Cleaning Data

Due: Sep 13 by 11:59pm

Weight: This assignment is worth 1% of your final grade.

Purpose: The purpose of this assignment is learn some techniques for dealing with messy data. Most of the time, the raw data you get is in the wrong format and variables are not properly coded, so you will need to “clean” the data before starting any analysis. Other times the data will be split into two or more data sets, and you will need to “join” them together into a single data frame.

Assessment: This assignment is graded using a check system:

  • ✔+ (110%): Responses shows phenomenal thought and engagement with the course content. I will not assign these often.
  • ✔ (100%): Responses are thoughtful, well-written, and show engagement with the course content. This is the expected level of performance.
  • ✔− (50%): Responses are hastily composed, too short, and/or only cursorily engages with the course content. This grade signals that you need to improve next time. I will hopefully not assign these often.

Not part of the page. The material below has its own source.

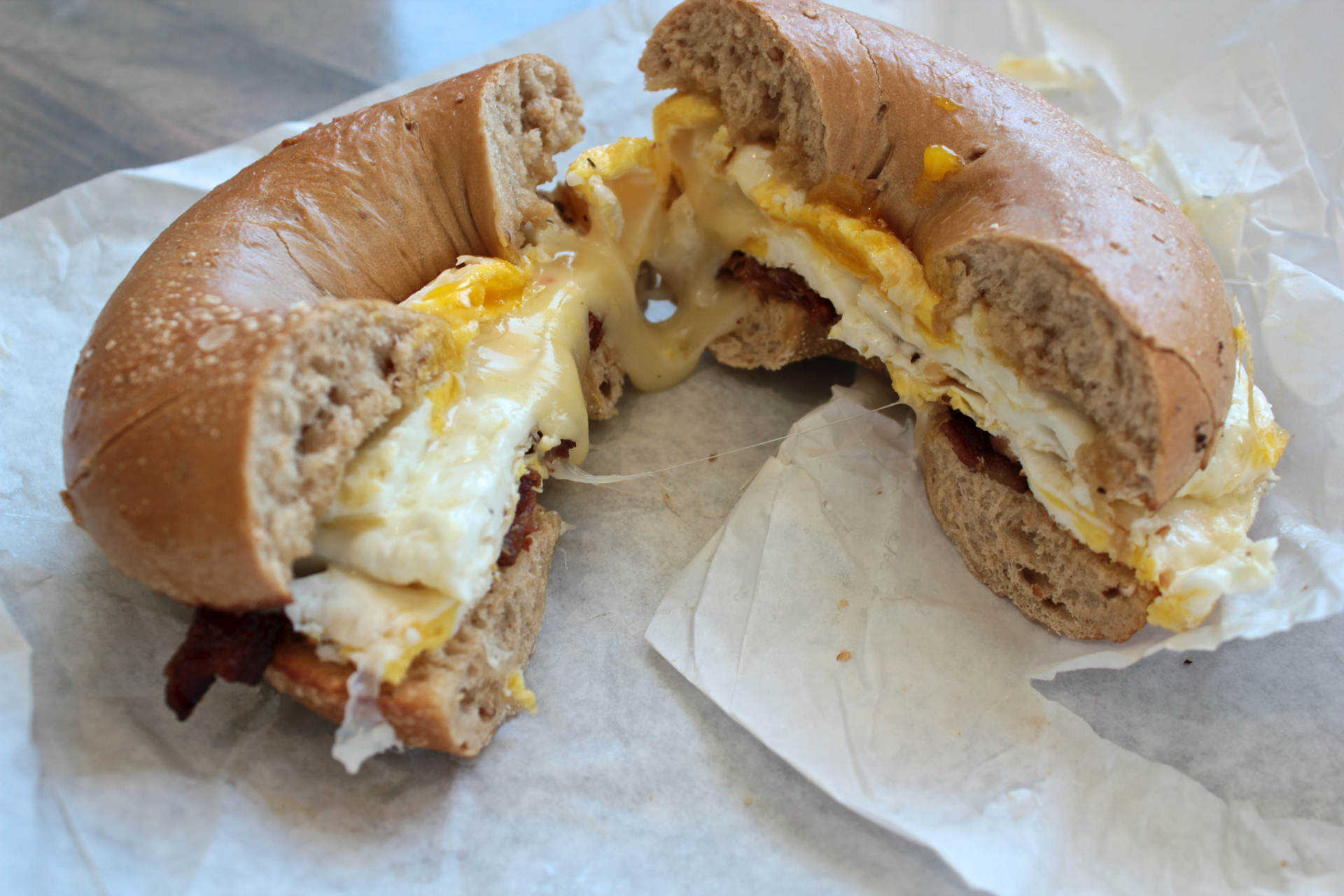 A Bagel Guy sandwich with a fried egg, pepper jack cheese and bacon on a multigrain bagel.
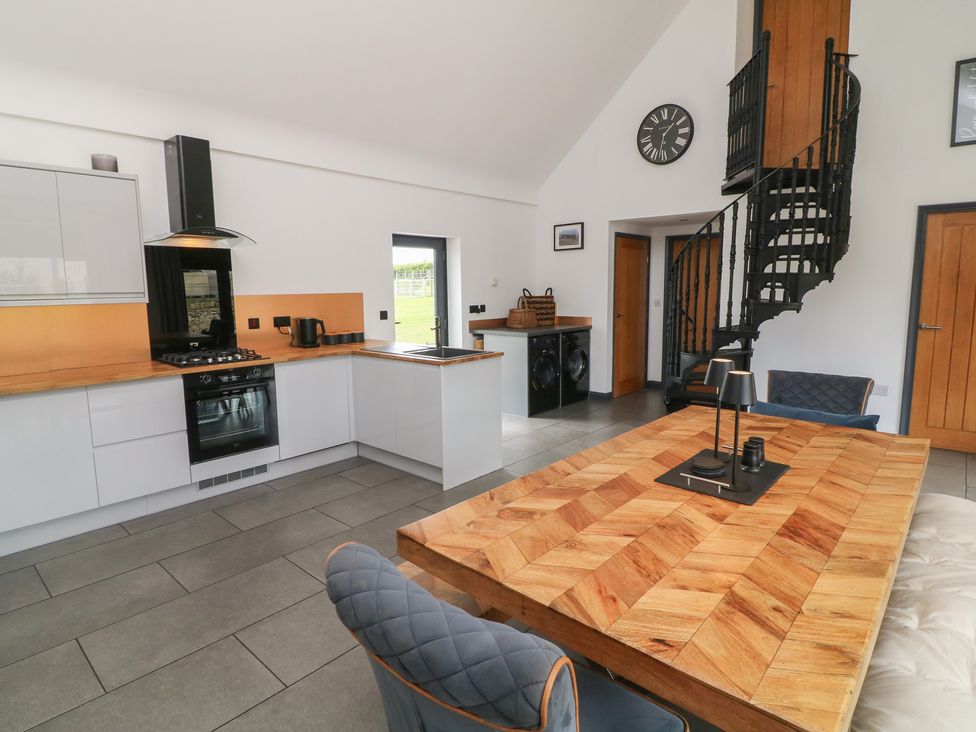 A kitchen with a dining table and spiral staircase at The Croft, Home Farm Ripley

Notice that this is essentially a pass/fail system. I’m not grading your writing ability and I’m not counting the number of words you write - I’m looking for thoughtful engagement. One or two sentences is not enough. Write at least a paragraph and show me that you did the readings assigned.

1. Get Organized

Download and edit this template when working through this assignment.

2. Read & Practice

Unzip the template folder (make sure you unzip it!), then open the .Rproj file to open RStudio. Open the hw2.Rmd file, take notes, and write some example code as you go through the following readings / exercises:

3. Reflect

Reflect on what you’ve learned while going through these readings and exercises. Is there anything that jumped out at you? Anything you found particularly interesting or confusing? Write at least a paragraph in your hw2.Rmd file. Here are some suggestions:

  • Discuss some of the key insights or things you found interesting in the readings or recent class periods.
  • Write about the messiest data you’ve seen.
  • Connect the course content to your own work or project you’re working on.

4. Knit

Click the “knit” button to compile your hw2.Rmd file into a html web page. Then open the hw2.html file in a web browser and proofread your report. Does all of the formatting look correct?

5. Submit

To submit this assignment, create a zip file of all the files in your R project folder for this assignment. Name the zip file hw2-netID.zip, replacing netID with your netID (e.g., hw2-jph.zip). Then copy that zip file into the “submissions” folder in your Box folder created for this class (the Box folder is named your GW netID).